▶ Activity:
Which lines belong in the answer? Exactly those from the line containing "微信潮流高冷时尚女生头像" through the last line of the records below, repeated as written.

▶ Information supplied:

——

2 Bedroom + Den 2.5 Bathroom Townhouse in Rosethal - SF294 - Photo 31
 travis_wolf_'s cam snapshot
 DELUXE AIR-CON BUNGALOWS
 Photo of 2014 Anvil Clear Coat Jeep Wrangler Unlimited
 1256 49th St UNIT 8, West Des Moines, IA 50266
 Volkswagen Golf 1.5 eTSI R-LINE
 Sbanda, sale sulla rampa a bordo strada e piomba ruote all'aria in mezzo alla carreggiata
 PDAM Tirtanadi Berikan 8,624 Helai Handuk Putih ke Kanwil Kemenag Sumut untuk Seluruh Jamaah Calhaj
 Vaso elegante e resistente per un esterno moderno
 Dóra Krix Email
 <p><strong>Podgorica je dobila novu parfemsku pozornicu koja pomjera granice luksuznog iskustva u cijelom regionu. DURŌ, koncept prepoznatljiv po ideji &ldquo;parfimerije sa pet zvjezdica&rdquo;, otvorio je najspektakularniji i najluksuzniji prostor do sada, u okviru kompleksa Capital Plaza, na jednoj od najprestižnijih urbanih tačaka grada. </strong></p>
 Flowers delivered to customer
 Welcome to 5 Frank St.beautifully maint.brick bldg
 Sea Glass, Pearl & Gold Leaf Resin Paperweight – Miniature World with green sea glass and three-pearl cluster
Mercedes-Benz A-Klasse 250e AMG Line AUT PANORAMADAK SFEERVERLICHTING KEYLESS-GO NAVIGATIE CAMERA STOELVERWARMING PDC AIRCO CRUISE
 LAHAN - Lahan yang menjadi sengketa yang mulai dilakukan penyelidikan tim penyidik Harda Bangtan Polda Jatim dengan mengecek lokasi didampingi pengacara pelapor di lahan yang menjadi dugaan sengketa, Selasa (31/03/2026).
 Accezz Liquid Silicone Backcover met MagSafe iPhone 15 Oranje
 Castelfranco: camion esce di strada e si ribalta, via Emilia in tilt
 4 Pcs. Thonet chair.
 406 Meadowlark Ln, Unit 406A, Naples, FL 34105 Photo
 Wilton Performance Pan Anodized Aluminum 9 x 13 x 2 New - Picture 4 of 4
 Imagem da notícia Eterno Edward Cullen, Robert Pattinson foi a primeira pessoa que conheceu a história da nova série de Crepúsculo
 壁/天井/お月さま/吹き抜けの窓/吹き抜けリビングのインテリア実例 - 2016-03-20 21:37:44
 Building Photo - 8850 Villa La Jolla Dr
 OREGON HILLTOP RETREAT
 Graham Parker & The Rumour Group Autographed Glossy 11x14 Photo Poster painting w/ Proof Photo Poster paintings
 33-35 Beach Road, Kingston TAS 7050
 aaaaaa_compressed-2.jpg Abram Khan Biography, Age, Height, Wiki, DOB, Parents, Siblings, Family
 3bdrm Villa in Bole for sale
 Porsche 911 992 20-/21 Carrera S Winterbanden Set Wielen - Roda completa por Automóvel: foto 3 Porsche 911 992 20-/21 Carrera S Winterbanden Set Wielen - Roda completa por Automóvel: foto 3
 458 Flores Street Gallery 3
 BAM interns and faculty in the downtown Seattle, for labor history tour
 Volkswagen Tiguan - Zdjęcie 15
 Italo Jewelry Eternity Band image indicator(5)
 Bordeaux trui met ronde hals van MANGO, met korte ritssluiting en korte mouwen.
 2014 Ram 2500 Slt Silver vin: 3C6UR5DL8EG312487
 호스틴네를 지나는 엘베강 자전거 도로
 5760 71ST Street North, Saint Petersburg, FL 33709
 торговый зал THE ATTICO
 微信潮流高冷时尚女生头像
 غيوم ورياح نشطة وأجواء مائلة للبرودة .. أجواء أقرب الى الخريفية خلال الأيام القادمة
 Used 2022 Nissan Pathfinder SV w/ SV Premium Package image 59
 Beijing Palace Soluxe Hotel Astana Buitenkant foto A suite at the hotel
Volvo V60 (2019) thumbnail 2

——

▶ Reply to the exercise:
 微信潮流高冷时尚女生头像
 غيوم ورياح نشطة وأجواء مائلة للبرودة .. أجواء أقرب الى الخريفية خلال الأيام القادمة
 Used 2022 Nissan Pathfinder SV w/ SV Premium Package image 59
 Beijing Palace Soluxe Hotel Astana Buitenkant foto A suite at the hotel
Volvo V60 (2019) thumbnail 2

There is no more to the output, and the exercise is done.